Effort vs. result. The relative value of these two concepts is a fundamental dispute between our western worldview and Jewish teachings. The secular world is, as it must be, bottom-line oriented. From a Jewish perspective, it is effort, not result, that ultimately counts. G-d blessed us all with different and varying degrees of talent; thus, it would be unfair to expect similar results from all. Rather, it is the effort we expend on moral improvement, understanding a Torah text, or performing mitzvoth that is crucial. Of course, one must try to expend efforts where one will be most successful. Thus, it is crucial to make an honest self-appraisal of our talents and expend our efforts in those areas.
"And now, Israel, what does G-d want of you? Only that you remain in awe of G-d your Lord, to go in all His ways and to love Him, and to serve G-d with all your heart and all your soul" (10:12). While for Moshe, fear of G-d, love of G-d, and observing the commandments may have been easy, surely these are lifelong challenges even for those who are totally committed to these goals. The Netziv—towering rabbinic leader of 19th century Lithuanian Jewry (and beyond)—explains that, in fact, Moshe was addressing three different groups of people, exhorting each to focus on one of the above goals.

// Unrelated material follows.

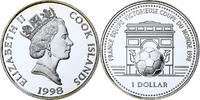 Cookinseln 1 Dollar World Cup France 1998, PP, Silber, STGL -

It is the leaders—political and religious—of the Jewish people who must have an extra dose of fear of the Almighty. All too often, people in positions of power—and religious leaders are no different—think they are somehow above the norms applicable to their followers. The obligation of leaders to make painful decisions—decisions that will, by definition, hurt some people—highlights this need for pure motives. Hurting somebody to further a personal agenda is inexcusable. Thus, Maimonides writes that those leaders who instil fear in others not for the sake of heaven lose their share in the World to Come (Teshuva 3:6). It is not by chance that the Torah commands that a king must have a Sefer Torah with him at all times. Even with the best motives, leaders are often powerless to effect positive change; G-d, then, surely judges them on effort, not result. Leaders making difficult decisions must ask themselves not what people want, but rather, what G-d demands. Blessed is the generation where these coincide.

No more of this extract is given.